Thoth Evaluation — Batch Results (2026-05-09)
Next Demo Day: Saturday 2026-05-16
Summary After First Batch (33 messages)
| Metric | Result |
|---|---|
| High confidence (≥0.7) | 27/33 (82%) |
| Casually suppressed (correct) | 5/33 |
| Issues found | 0 structural, 2-3 directional |
| has_pet bug | ✅ FIXED (no longer misclassifies groceries) |
What Works Well
- Calendar/scheduling: Perfect extraction on all 6 test messages. Correctly identifies people, events, times, locations.
- School/activities: Solid entity extraction. Picks up participants and event types accurately.
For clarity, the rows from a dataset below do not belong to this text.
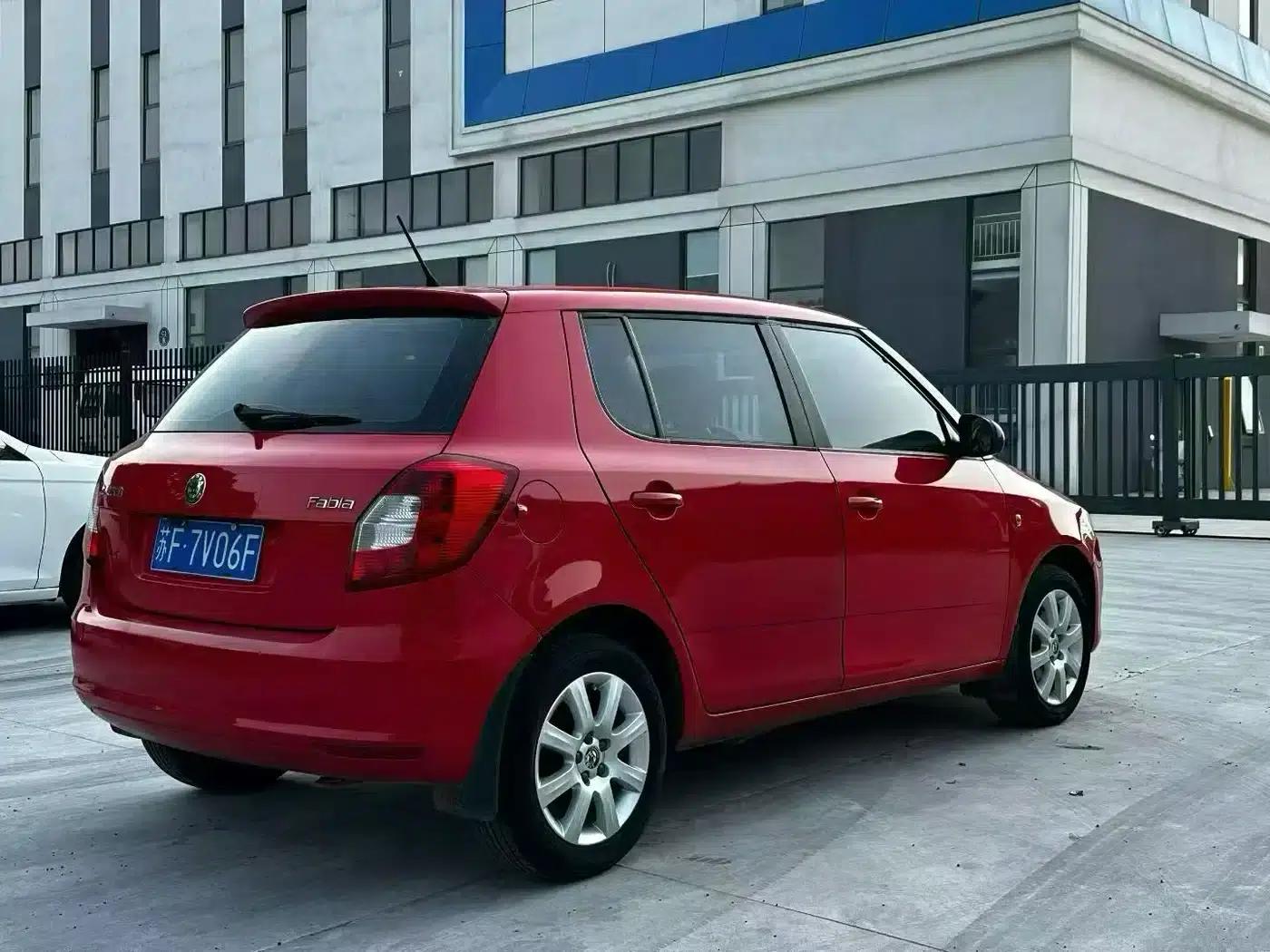 Fabia 2012 1.4L Automatic Crystal Edition — миниатюра 9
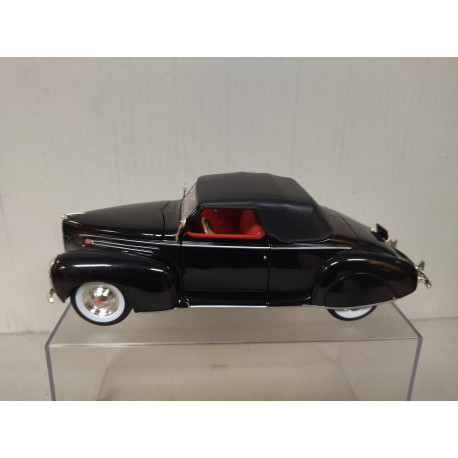 LINCOLN ZEPHYR 1939 CONVERTIBLE BLACK 1:32 ROAD SIGNATURE NO BOX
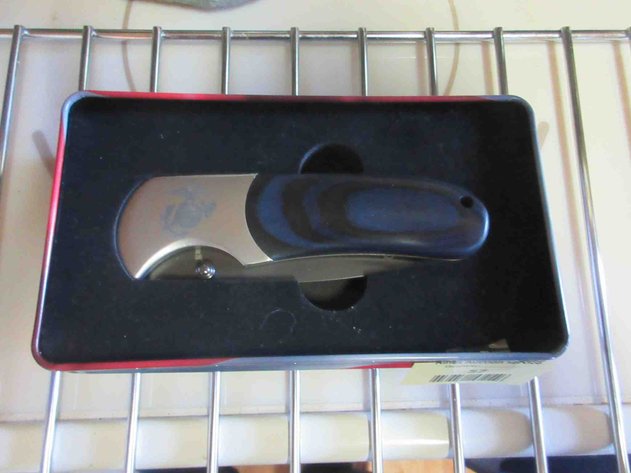 Image for US Marine folding knife in metal tin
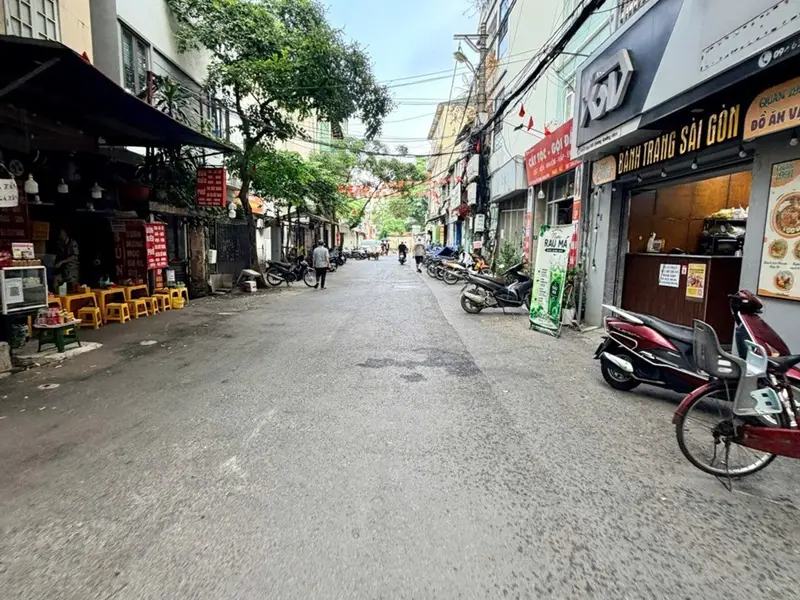 Nhà riêng 4 tầng, 60m2, 6 phòng ngủ tại phường Cầu Giấy, Hà Nội... Bán nhà riêng tại Cầu Giấy, Hà Nội 01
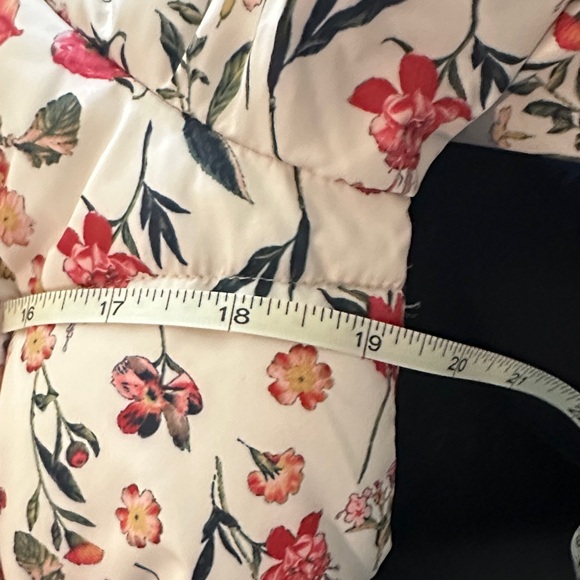 NWOT Eddie Bauer Floral Signature Puffer Jacket - Cream and Red - Picture 11 of 13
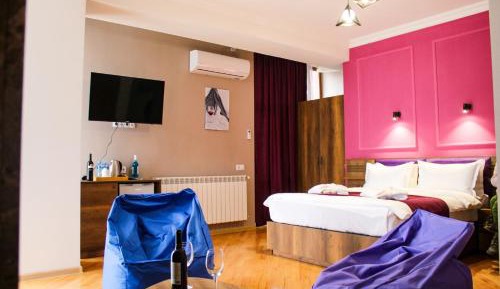 Deluxe King Suite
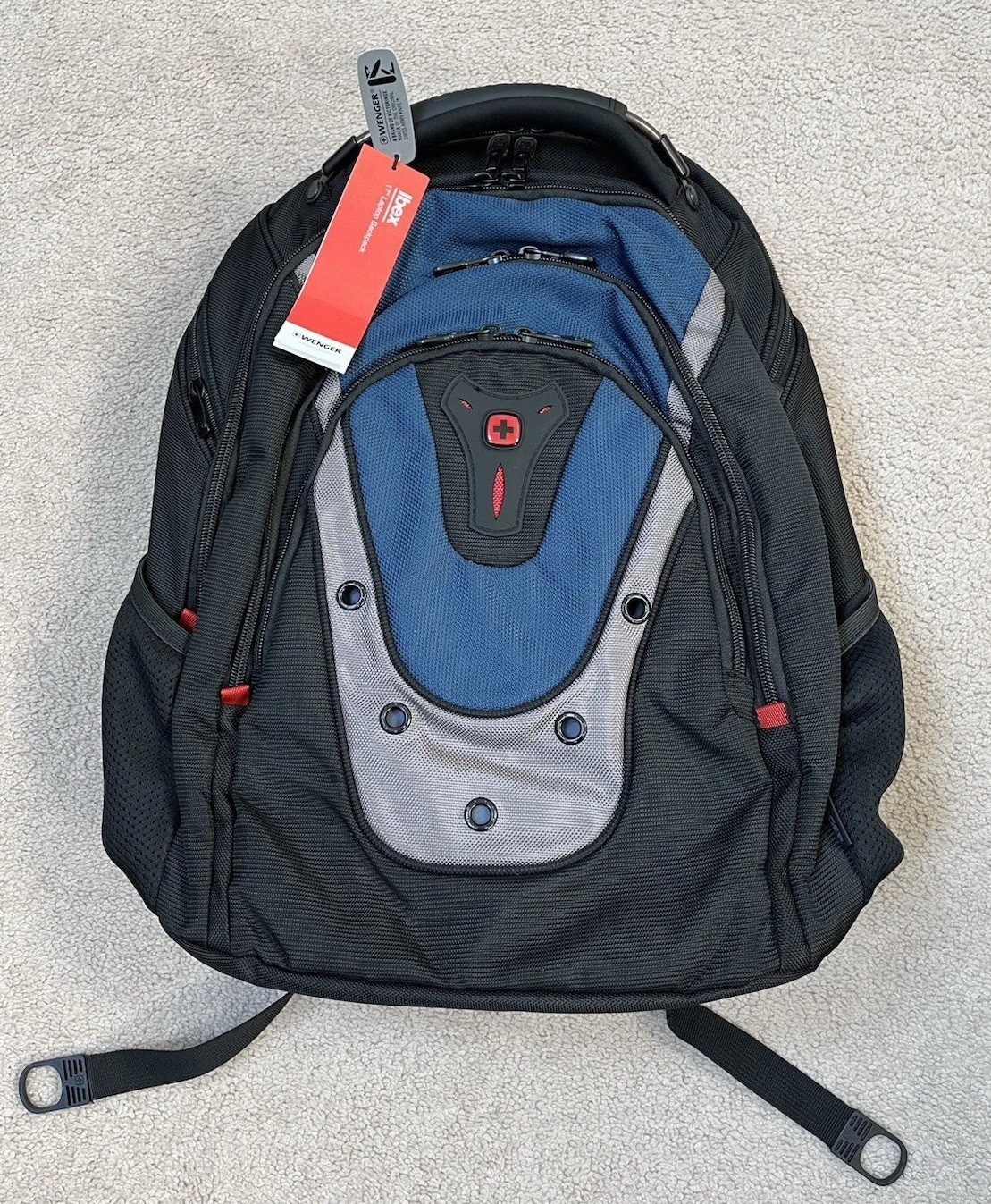 Swissgear Ibex Backpack for 17″ Laptop Navy Blue Red Black NEW WITH TAGS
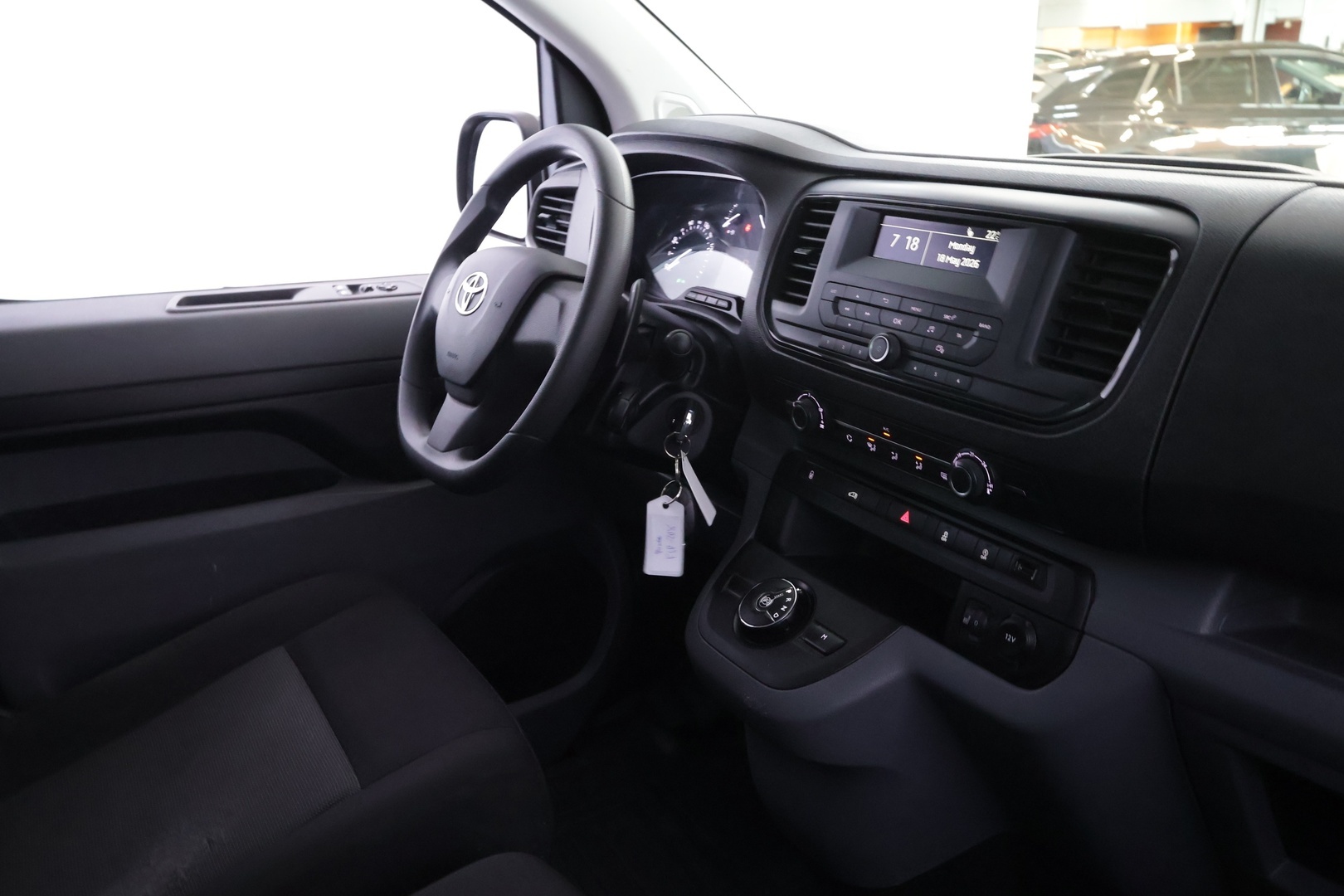 TOYOTA Proace 2023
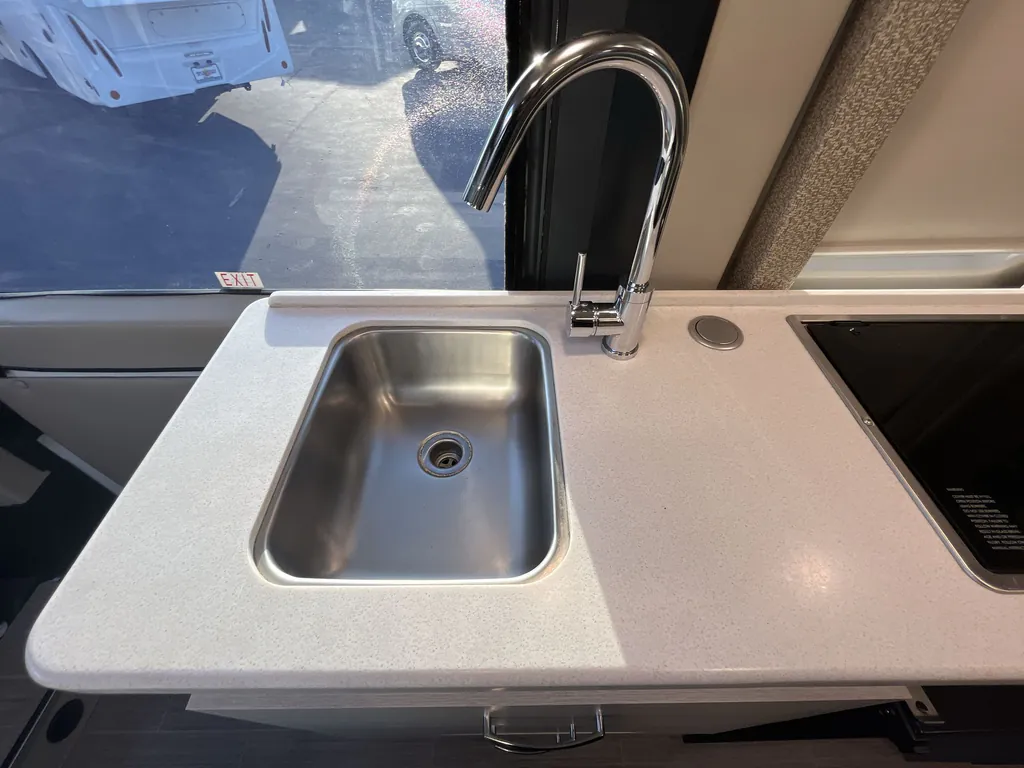 2022 Thor Motor Coach Tellaro 20AT, Photos photo 14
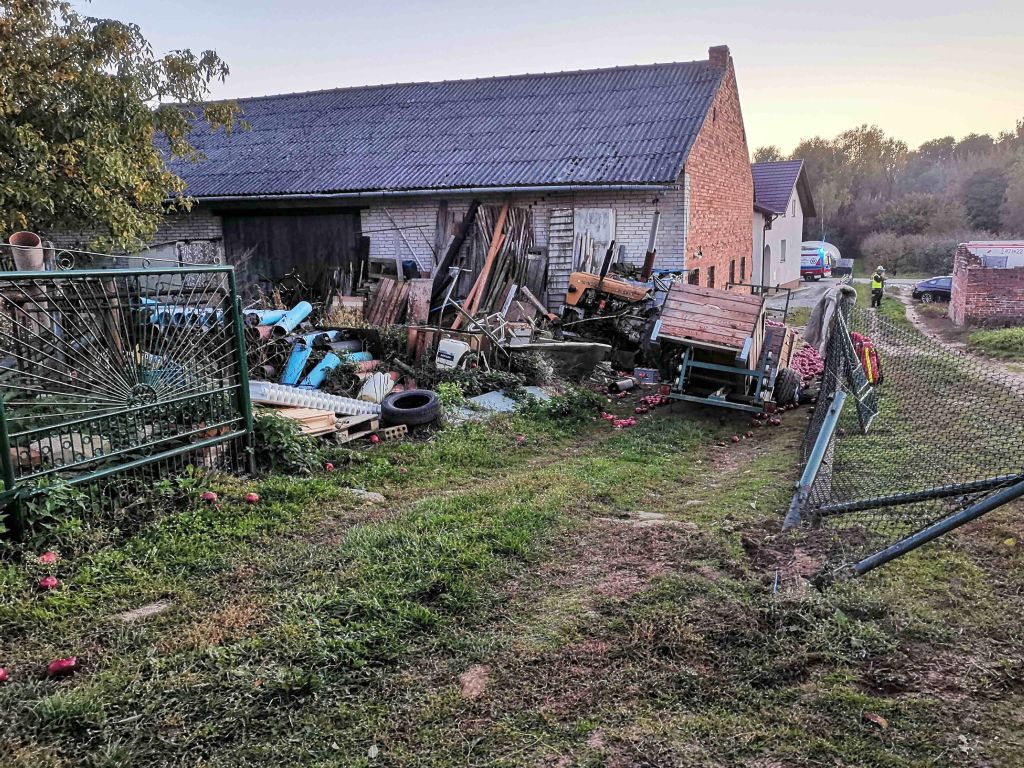 traktor uderzył w mur na posesji, Łojowice, powiat sandomiersk, Łukasz Kot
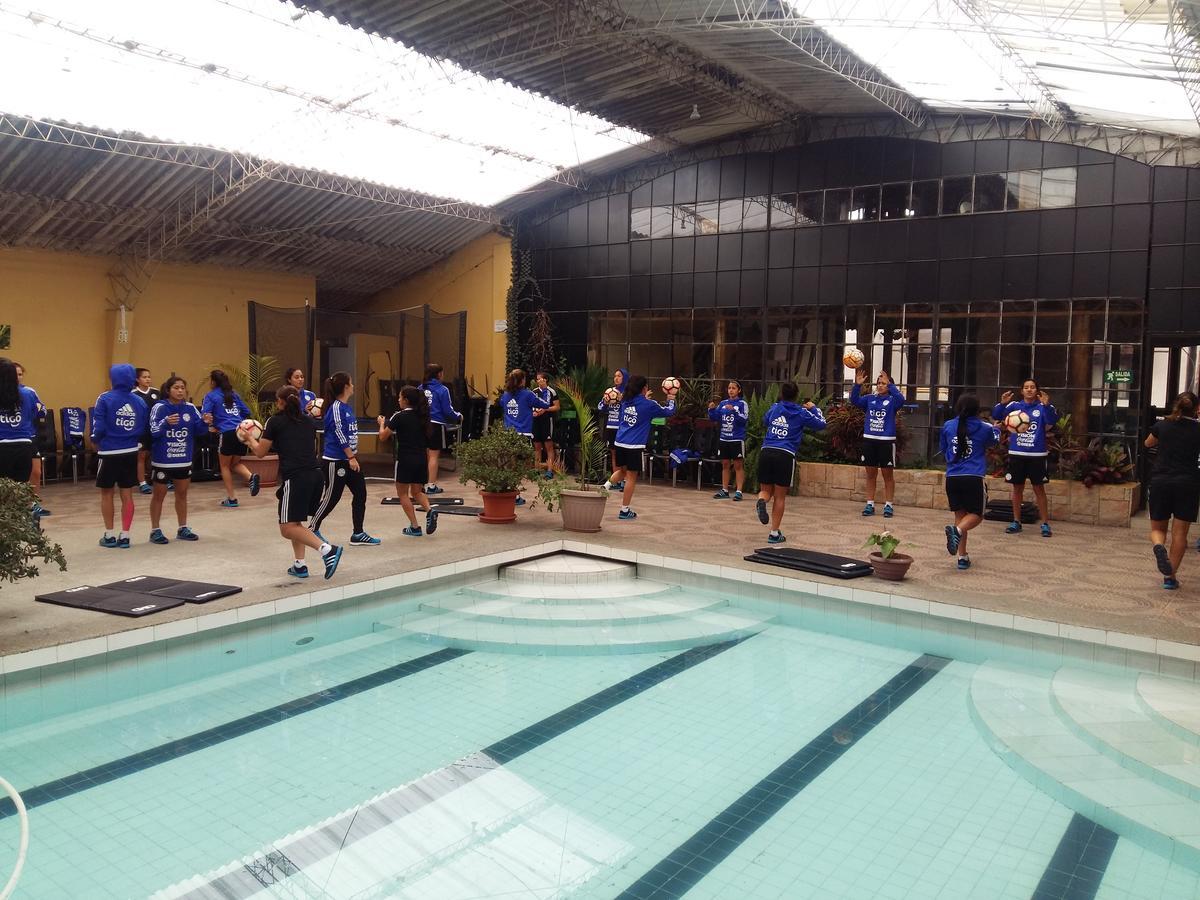 Hotel Bambu Riobamba Eksteriør bilde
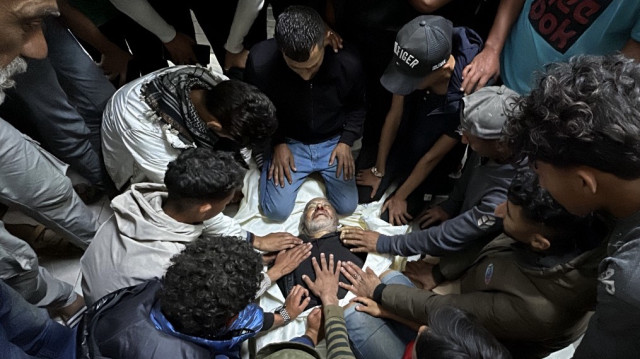 Des Palestiniens pleurent le corps d'un proche tué lors d'un bombardement israélien, au complexe médical Nasser à Khan Yunis, dans le sud de la bande de Gaza, le 8 avril 2025.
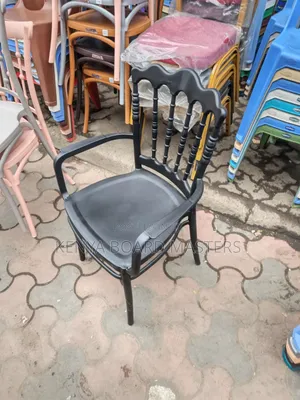 Plastic Chairs, Unique Plastic Chairs for Homes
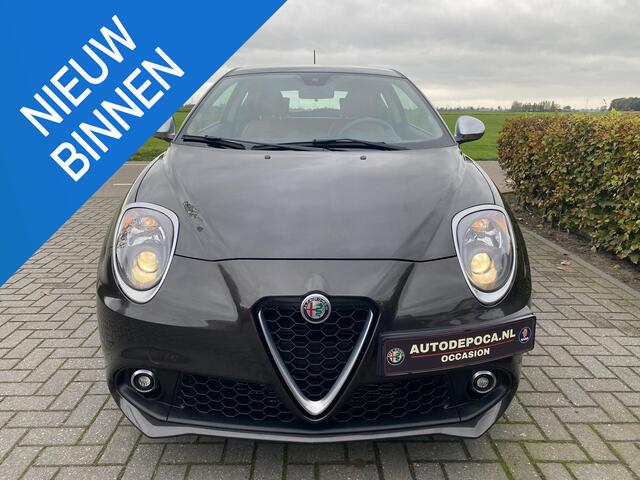 Alfa Romeo MITO 1.4 T MultiAir Super Navigatie Stoelverwarming PDC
- Casual chat suppression: 5/5 correctly filtered out (low confidence).
- Errand type detection: Now correctly uses
responsible_forinstead ofhas_petfor tasks/objects.
Remaining Issues
-
Relation direction bugs (2-3 cases): "Sully has soccer practice with Coach Mike" →
Sully--[coaches]-->Coach Mike(reversed — Coach Mike is the coach). The LLM doesn't consistently respect the prompt's direction rules. -
"Mom spouse_of Matt": For "Matt's mom coming over" → inferred
Mom--[spouse_of]-->Matt. Missing context that "Mom" likely means Matt's mother, not his spouse. -
Missing injury semantics: "Sully twisted his ankle" → extracted as
attends soccer practicebut doesn't flag injury signal. The entity-relation model is great for knowledge graphs, less useful for triggering case creation.
Next Steps
- [ ] Let shadow run for 1 week alongside production (2026-05-09 → 2026-05-16)
- [ ] Review accumulated comparison logs before demo day
- [ ] Fix direction bugs (consider adding few-shot examples to prompt with correct directions)
- [ ] Add injury-specific relation types for RTSport use case (optional for general Icarus)
How to Run Comparison Mode
cd ~/icarus && python3 -c "
from experiments.thoth.adapter import ThothExtractor
from icarus.extractor import extract as prod_extract
extractor = ThothExtractor()
# Single message test
result = extractor.extract_raw('Sully has soccer practice at 5pm')
print(result)
"
How to Enable Shadow Mode
ICARUS_EXPERIMENT=true ICARUS_EXPERIMENT_NAME=thoth python3 -m icarus.daemon
This runs Thoth alongside production. Results are logged to experiments/thoth/eval_results/. Production is never modified.